The Kremlin could easily afford to allow its smaller neighbor free and fair elections without losing its hegemonic position. He should give up Lukashenko’s support, recognize the will of the majority of the population and its representation, the coordination council, and work for a negotiated change of power with early elections.
However, this also means that the EU can still influence the dynamics of events in Belarus. The EU must make it clear to Lukashenko that he is no longer the legitimate President of Belarus. If he is inaugurated again, he will immediately be on the EU sanctions list. At the same time, any cooperation with his illegitimate government must be frozen.

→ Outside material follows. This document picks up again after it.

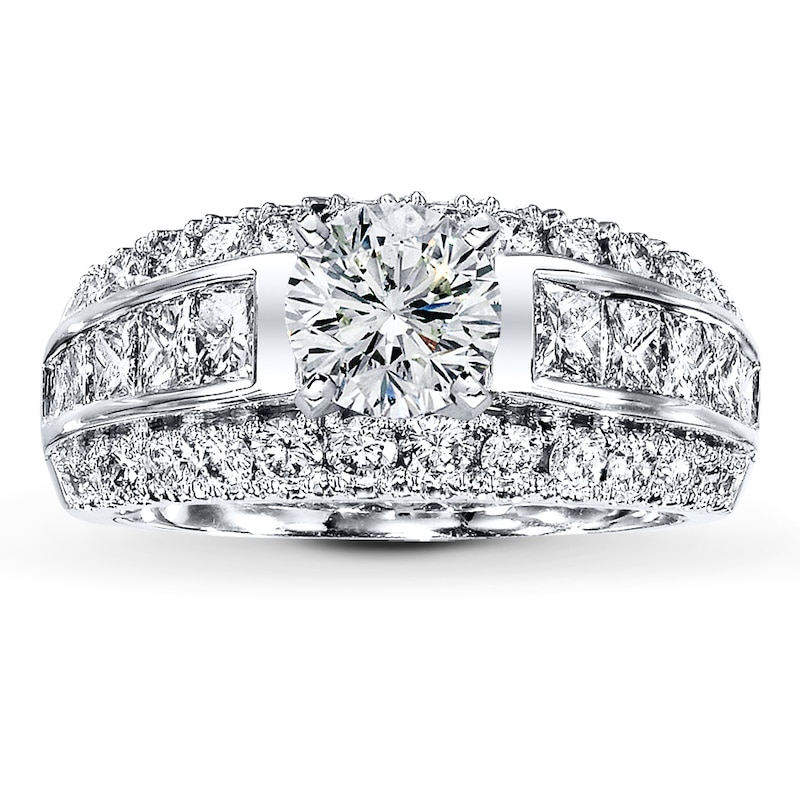 Main Image 3 of Previously Owned Diamond Bridal Setting 1-3/4 cttw Round/Princess 14K White Gold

Conversely, the Coordination Council should be recognized as the legitimate representative of the Belarusian people and should be involved in all international contacts and deliberations on Belarus.
At the same time, it must be made clear to Russia that any agreements it is still negotiating with Lukashenko will not be internationally recognized. To this end, the EU must urge the Kremlin to end its interference in favor of the current ruler and recognize that its interests in Belarus will remain unaffected by a change of power. A two-year moratorium on the Nord Stream 2 pipeline project would be appropriate to highlight this question and open an opportunity for change in Belarus.
Today’s meeting between Lukashenko and his sponsor Putin is likely to be decisive for the outcome of the Belarusian crisis. The Belarusians themselves made it clear in nationwide protests yesterday that only the departure of their dictator is acceptable to them. The EU must clearly emphasize this demand in its own response to the Sochi meeting.